# [Aim of the exercise]
What you return should be only the lines in the entries below between the one holding "DIY Glass &" and the one holding "Footrest Included rotating", ends included, with every picture left out.

# [Records supplied]
-.-.-

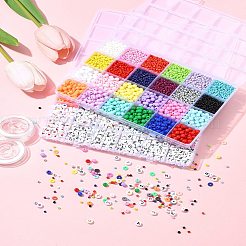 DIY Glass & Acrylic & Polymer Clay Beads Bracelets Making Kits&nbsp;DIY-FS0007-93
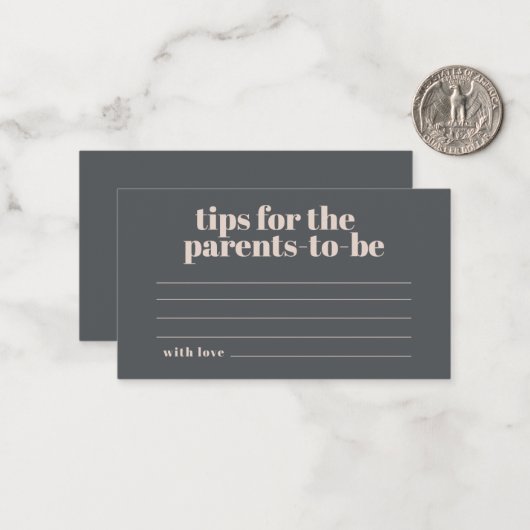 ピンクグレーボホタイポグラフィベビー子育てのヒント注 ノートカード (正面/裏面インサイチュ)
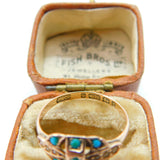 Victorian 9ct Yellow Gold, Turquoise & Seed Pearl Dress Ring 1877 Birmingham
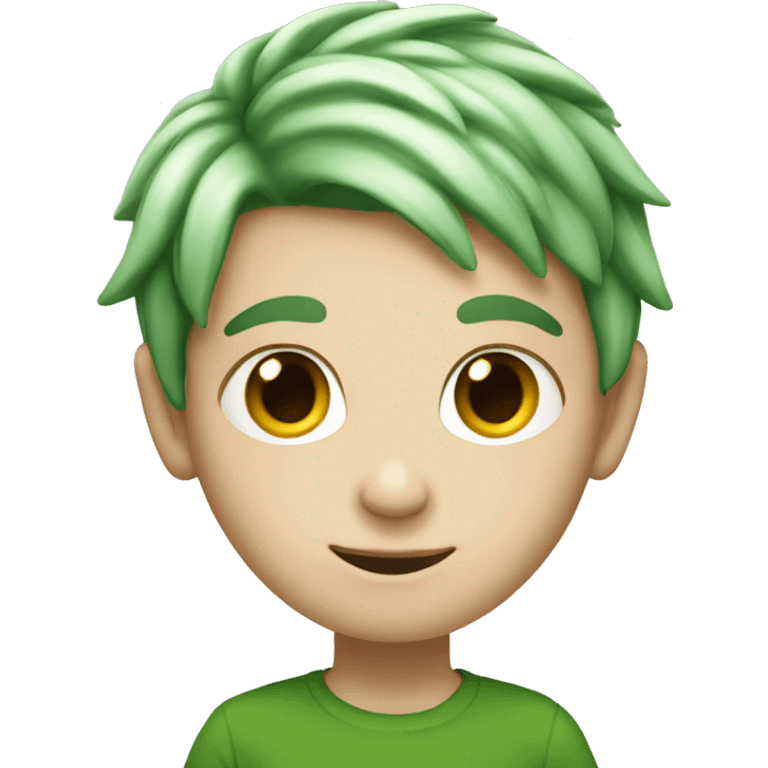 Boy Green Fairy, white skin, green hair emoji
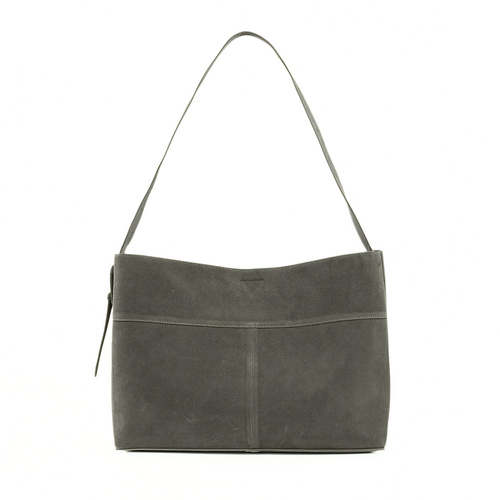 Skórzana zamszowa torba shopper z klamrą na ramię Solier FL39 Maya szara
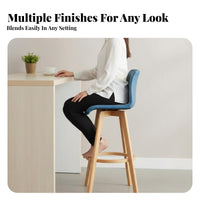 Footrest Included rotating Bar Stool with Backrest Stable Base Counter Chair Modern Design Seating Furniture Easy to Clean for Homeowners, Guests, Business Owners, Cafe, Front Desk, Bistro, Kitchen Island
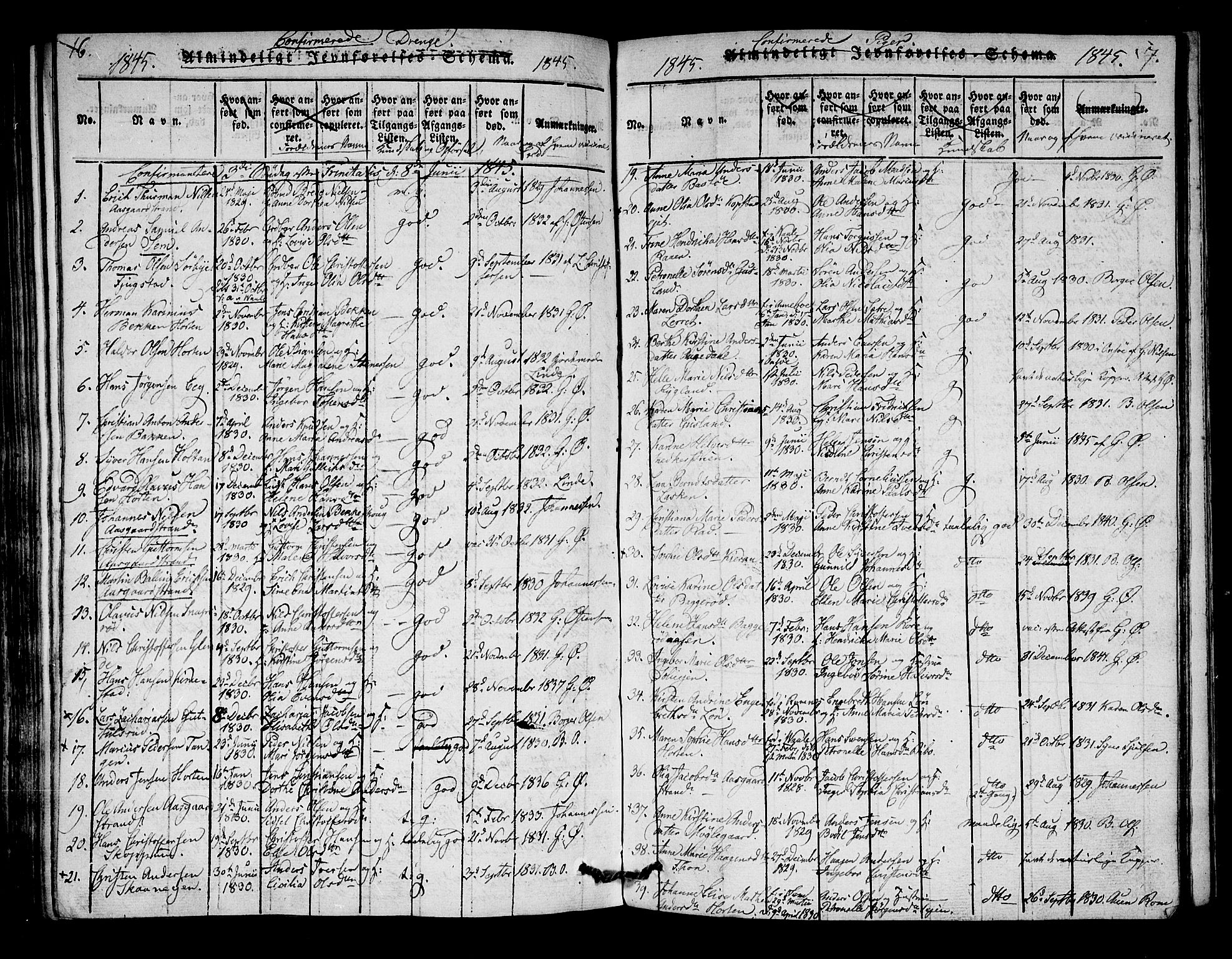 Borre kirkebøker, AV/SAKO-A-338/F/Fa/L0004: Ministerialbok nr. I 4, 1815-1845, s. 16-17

-.-.-

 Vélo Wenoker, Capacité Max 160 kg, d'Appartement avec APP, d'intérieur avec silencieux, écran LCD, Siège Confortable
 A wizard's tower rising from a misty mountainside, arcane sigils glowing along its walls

-.-.-

# [Solution to this task]
 DIY Glass & Acrylic & Polymer Clay Beads Bracelets Making Kits&nbsp;DIY-FS0007-93
 ピンクグレーボホタイポグラフィベビー子育てのヒント注 ノートカード (正面/裏面インサイチュ)
 Victorian 9ct Yellow Gold, Turquoise & Seed Pearl Dress Ring 1877 Birmingham
 Boy Green Fairy, white skin, green hair emoji
 Skórzana zamszowa torba shopper z klamrą na ramię Solier FL39 Maya szara
 Footrest Included rotating Bar Stool with Backrest Stable Base Counter Chair Modern Design Seating Furniture Easy to Clean for Homeowners, Guests, Business Owners, Cafe, Front Desk, Bistro, Kitchen Island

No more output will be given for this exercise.